Hmm oke itu untuk urusan yang berbau politik, kegaduhan di media sosial juga sangat beragam mulai dari urusan agama, politik, hingga urusan emak-emak atau bahkan sekedar pilihan makan bubur ayam diaduk atau tidak diaduk.
Kadang isu-isu yang selayaknya tidak perlu diributkan karena memang tidak mungkin semua orang punya pandangan dan pengalaman yang sama menjadi kontroversi yang demikian menghebohkan.
Lagi menyikapi secara bijak dan sewajarnya selayaknya selalu jadi pilihan kita. Jangan sampai kita adu otot di dunia maya. Calm wae lah... Sampaikan dengan cara yang elegan dan baik. Jangan terjebak cyin.

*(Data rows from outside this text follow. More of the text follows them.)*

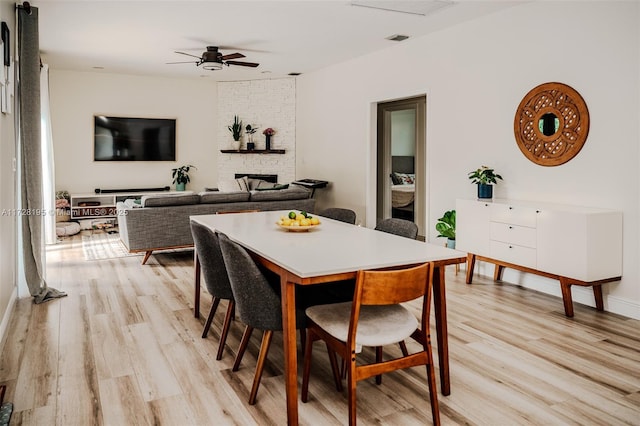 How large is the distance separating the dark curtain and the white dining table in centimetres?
177

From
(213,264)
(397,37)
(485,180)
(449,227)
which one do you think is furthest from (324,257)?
(397,37)

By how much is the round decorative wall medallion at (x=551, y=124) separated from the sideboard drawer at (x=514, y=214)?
568 mm

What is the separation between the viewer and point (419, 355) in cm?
226

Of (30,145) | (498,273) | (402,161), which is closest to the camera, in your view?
(30,145)

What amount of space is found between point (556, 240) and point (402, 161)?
3.17 m

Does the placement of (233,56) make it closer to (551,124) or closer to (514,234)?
(551,124)

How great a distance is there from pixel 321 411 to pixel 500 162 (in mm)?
3372

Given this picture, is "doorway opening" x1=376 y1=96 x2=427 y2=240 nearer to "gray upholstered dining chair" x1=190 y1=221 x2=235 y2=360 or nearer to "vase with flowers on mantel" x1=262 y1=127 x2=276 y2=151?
"vase with flowers on mantel" x1=262 y1=127 x2=276 y2=151

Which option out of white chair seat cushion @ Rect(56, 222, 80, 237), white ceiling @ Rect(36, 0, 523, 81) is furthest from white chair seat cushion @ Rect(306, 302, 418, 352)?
white chair seat cushion @ Rect(56, 222, 80, 237)

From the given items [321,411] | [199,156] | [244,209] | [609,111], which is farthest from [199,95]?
[321,411]

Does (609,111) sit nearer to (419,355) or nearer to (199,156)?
(419,355)

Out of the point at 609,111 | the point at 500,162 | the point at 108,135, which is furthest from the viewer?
the point at 108,135

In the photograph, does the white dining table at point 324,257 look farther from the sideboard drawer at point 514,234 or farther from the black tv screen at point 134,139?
the black tv screen at point 134,139

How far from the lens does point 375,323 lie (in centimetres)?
225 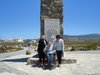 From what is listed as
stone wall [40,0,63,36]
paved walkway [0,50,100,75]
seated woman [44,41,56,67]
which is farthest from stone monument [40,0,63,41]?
Result: paved walkway [0,50,100,75]

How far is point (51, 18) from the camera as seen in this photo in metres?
18.3

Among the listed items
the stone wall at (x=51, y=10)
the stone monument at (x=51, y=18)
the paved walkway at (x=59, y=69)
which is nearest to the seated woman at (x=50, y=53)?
the paved walkway at (x=59, y=69)

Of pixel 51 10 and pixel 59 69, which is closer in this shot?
pixel 59 69

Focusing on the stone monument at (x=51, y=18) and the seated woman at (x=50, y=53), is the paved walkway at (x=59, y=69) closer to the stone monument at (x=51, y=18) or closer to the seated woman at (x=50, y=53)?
the seated woman at (x=50, y=53)

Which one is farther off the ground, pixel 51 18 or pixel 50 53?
pixel 51 18

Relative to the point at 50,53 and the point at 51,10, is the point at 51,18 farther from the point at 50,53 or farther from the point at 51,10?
the point at 50,53

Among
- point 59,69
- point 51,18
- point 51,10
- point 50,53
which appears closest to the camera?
point 59,69

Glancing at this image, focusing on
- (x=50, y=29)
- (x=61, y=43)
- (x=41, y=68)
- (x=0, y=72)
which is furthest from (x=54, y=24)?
(x=0, y=72)

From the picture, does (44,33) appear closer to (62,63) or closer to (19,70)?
(62,63)

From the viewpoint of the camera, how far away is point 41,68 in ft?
52.5

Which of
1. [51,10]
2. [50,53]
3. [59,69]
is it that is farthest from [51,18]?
[59,69]

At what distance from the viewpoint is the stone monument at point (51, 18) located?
18.1 metres

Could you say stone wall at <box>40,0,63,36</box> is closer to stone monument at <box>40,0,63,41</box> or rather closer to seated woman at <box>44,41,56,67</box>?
stone monument at <box>40,0,63,41</box>

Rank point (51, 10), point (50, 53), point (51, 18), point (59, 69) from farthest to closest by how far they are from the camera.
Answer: point (51, 10)
point (51, 18)
point (50, 53)
point (59, 69) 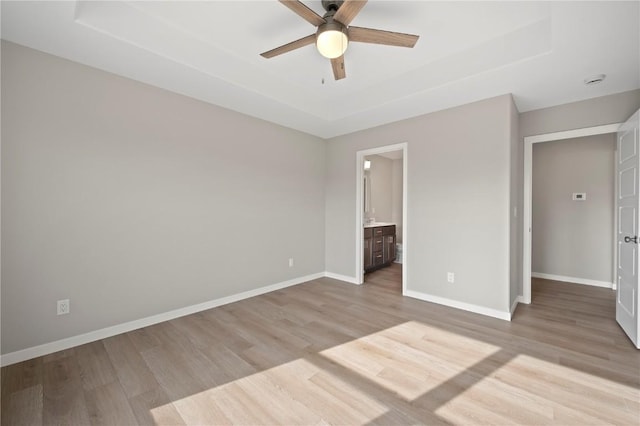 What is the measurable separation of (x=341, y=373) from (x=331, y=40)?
2.43 metres

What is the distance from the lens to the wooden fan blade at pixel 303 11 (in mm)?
1668

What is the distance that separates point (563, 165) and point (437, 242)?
3.08 metres

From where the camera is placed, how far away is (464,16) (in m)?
2.19

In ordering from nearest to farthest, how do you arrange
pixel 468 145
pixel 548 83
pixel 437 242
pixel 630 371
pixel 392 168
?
pixel 630 371 < pixel 548 83 < pixel 468 145 < pixel 437 242 < pixel 392 168

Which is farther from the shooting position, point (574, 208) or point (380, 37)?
point (574, 208)

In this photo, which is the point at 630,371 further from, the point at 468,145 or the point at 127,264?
the point at 127,264

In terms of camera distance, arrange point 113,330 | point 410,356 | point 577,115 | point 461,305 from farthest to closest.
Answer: point 461,305, point 577,115, point 113,330, point 410,356

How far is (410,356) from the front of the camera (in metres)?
2.26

Bagaimana soal suatu kebenaran yang wajib kita dakwahkan meski hanya satu ayat. Saya memilih bahwa ini tentu menjadi kewajiban bagi setiap kita untuk menyampaikannya. tentu saja, sampaikanlah, dakwakanlah... dengan cara yang baik, sopan, dan lemah lembut. Dengan "hikmah dan mau'idzoh hasanah", dengan kebijaksanaan dan pengajaran yang baik.
Kalau boleh mengutip firman Allah surat An Nahl ayat 125, yang bunyinya:
ادْعُ إِلَى سَبِيلِ رَبِّكَ بِالْحِكْمَةِ وَالْمَوْعِظَةِ الْحَسَنَةِ وَجَادِلْهُمْ بِالَّتِي هِيَ أَحْسَنُ إِنَّ رَبَّكَ هُوَ أَعْلَمُ بِمَنْ ضَلَّ عَنْ سَبِيلِهِ وَهُوَ أَعْلَمُ بِالْمُهْتَدِينَ (النحل: 125)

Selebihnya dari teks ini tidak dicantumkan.